2011年2月9日水曜日

貧乏人を喰う奴らを暴く!(宝島社)

著者:夏原 武 出版社:宝島社 発行年:2011年 本体価格:457円
人気漫画「クロサギ」の作者が執筆した「貧困ビジネス」の実態。在宅ビジネス詐欺とかカード決済による総量規制の裏道などは容易に想像がつく「ビジネス」(?)だが、生活保護受給者を利用した「組織的なビジネス」にはやや愕然とした。バブル景気の後始末がすんでいない地域には採算性がとれないようなワンルームマンションやアパートが散在するが、そこを生活保護受給者の居住地にして、そのあがりをかすめるという方式。
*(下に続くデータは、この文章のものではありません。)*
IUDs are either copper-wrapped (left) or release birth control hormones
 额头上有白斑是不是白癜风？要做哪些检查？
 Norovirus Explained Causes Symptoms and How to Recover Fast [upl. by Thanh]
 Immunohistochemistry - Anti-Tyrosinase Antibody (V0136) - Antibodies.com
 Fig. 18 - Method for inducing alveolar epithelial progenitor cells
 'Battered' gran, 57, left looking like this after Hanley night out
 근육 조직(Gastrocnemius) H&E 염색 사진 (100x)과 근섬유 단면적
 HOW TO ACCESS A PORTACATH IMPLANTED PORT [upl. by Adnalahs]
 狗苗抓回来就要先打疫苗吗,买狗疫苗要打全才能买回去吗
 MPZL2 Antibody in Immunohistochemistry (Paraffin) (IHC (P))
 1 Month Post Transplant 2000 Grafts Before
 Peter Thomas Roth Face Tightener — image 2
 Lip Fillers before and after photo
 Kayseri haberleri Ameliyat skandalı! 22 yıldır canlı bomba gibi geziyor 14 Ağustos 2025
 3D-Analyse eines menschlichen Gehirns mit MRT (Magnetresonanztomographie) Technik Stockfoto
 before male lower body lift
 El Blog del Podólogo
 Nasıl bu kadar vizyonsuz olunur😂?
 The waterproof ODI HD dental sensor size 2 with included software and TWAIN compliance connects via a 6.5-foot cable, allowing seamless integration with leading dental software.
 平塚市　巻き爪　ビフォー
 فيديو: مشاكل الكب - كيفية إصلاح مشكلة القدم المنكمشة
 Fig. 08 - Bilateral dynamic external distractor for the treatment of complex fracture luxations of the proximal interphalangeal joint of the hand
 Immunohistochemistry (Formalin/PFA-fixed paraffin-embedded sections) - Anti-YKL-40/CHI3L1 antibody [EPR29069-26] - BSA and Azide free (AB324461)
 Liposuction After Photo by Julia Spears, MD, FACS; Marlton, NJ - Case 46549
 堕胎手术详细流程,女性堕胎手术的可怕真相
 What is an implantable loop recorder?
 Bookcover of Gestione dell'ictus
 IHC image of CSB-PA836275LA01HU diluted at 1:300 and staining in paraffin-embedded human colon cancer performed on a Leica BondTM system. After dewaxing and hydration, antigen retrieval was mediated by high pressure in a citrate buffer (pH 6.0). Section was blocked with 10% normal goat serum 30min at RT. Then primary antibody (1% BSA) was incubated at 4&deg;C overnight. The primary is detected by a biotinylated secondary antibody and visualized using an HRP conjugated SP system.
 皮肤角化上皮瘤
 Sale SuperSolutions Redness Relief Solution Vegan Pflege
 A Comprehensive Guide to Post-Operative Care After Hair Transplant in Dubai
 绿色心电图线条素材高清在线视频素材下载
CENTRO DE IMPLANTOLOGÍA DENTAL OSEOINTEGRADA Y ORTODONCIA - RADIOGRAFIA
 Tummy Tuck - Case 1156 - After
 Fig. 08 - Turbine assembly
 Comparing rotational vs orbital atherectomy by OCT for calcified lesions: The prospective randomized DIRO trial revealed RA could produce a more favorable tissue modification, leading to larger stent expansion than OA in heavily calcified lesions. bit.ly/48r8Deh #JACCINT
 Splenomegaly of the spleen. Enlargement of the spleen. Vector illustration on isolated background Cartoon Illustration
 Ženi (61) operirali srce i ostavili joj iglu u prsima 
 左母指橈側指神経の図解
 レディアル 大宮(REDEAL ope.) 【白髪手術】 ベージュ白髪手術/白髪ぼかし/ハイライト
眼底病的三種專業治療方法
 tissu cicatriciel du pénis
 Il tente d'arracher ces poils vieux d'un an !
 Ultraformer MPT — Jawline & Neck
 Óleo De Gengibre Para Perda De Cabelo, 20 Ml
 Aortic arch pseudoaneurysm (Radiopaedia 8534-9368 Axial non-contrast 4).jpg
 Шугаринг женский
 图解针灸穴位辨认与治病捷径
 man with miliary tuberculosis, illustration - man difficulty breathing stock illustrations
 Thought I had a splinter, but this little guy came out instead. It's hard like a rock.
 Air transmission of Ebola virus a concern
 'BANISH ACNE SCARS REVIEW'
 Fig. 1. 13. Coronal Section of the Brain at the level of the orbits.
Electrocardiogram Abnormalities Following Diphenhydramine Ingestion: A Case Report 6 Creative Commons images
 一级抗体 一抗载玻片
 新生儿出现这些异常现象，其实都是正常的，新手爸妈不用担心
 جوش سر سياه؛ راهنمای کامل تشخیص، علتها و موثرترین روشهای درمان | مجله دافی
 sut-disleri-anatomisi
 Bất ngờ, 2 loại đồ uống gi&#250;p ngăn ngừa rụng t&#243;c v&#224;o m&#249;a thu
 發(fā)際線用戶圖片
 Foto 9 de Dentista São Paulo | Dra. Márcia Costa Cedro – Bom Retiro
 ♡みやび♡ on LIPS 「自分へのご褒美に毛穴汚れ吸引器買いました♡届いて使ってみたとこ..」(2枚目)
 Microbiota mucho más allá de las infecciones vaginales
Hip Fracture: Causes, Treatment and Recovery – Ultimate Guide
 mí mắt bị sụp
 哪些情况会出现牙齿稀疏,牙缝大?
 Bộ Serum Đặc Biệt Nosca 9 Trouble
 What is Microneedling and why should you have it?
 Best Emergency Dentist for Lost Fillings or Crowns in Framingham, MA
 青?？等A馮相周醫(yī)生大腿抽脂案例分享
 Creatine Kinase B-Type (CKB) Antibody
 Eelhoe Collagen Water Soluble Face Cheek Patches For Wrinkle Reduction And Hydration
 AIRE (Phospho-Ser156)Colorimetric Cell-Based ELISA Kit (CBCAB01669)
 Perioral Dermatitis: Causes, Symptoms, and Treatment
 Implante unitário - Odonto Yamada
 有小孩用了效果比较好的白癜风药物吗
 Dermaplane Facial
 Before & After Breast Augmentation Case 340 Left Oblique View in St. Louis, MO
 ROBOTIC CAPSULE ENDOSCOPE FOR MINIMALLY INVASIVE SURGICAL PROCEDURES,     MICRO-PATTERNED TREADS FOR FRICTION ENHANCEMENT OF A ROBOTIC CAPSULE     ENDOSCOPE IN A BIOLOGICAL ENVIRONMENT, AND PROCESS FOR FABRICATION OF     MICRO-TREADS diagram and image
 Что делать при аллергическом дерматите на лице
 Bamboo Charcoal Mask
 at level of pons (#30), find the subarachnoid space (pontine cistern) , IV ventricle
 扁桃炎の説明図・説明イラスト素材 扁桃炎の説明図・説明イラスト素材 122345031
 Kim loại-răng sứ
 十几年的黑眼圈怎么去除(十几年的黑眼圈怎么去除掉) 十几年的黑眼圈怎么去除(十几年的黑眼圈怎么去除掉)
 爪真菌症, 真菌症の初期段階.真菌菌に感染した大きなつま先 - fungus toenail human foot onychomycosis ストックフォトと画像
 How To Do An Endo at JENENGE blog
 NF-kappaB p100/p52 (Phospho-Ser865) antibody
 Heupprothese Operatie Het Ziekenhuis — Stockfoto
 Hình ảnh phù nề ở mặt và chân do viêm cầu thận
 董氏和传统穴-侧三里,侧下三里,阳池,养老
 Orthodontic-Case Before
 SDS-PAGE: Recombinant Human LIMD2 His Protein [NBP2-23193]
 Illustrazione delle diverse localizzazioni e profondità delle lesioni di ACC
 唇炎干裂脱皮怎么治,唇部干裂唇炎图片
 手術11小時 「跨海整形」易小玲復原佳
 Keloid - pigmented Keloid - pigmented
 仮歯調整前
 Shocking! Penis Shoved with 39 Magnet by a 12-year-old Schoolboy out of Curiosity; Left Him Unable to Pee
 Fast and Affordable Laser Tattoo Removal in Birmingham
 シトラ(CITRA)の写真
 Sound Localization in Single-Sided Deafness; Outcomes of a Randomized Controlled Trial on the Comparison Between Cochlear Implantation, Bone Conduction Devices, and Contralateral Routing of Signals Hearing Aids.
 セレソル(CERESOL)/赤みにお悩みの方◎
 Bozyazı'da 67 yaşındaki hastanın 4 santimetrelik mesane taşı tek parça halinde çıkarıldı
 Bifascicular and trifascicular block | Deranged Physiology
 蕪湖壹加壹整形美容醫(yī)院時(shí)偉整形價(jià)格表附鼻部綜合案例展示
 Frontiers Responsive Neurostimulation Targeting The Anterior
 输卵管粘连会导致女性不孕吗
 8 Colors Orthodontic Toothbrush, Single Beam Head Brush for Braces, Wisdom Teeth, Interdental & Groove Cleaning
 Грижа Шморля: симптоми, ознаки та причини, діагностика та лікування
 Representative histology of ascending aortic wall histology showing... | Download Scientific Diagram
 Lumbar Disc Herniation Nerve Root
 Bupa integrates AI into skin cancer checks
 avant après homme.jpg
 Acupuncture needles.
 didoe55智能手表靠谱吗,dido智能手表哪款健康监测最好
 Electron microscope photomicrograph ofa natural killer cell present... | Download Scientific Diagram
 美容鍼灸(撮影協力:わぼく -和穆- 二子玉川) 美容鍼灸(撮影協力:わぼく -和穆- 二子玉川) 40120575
さらにはやや古風ではあるが「名義貸し」もしくは「ネームロンダリング」とよばれる戸籍の売却や他人名義を利用した借金ビジネス。これ、別に貧困ビジネスではなくても、「ちょっと名前貸して」といわれれば普通の人でも名義がししてしまうかもしれないという怖さがある。他人から借りた名義で消費者金融などから借金しまくってしまうということは実際可能だし、その場合相手は善意の第三者だから、その借金を本来の「名義人」が肩代わりして支払うことだってありうるわけだ。ラストには将来的に「一日500円で生活する500円亭主」なる概念まででてくるが…いや、これ、実際にありうるかもしれない。住宅ローンの返済や教育費などのことを考えると現在のデフレでは一日500円で昼食そのほかをまかなわなければ家計が維持できないご夫婦実際にいらっしゃるかも。インタビューは匿名が多く、もしかするとエキセントリックに表現されている部分もあるかもしれないが、信憑性は高いと思った。179ページ前後の「離婚」をめぐる著述は結婚している男性には悪夢かもしれない。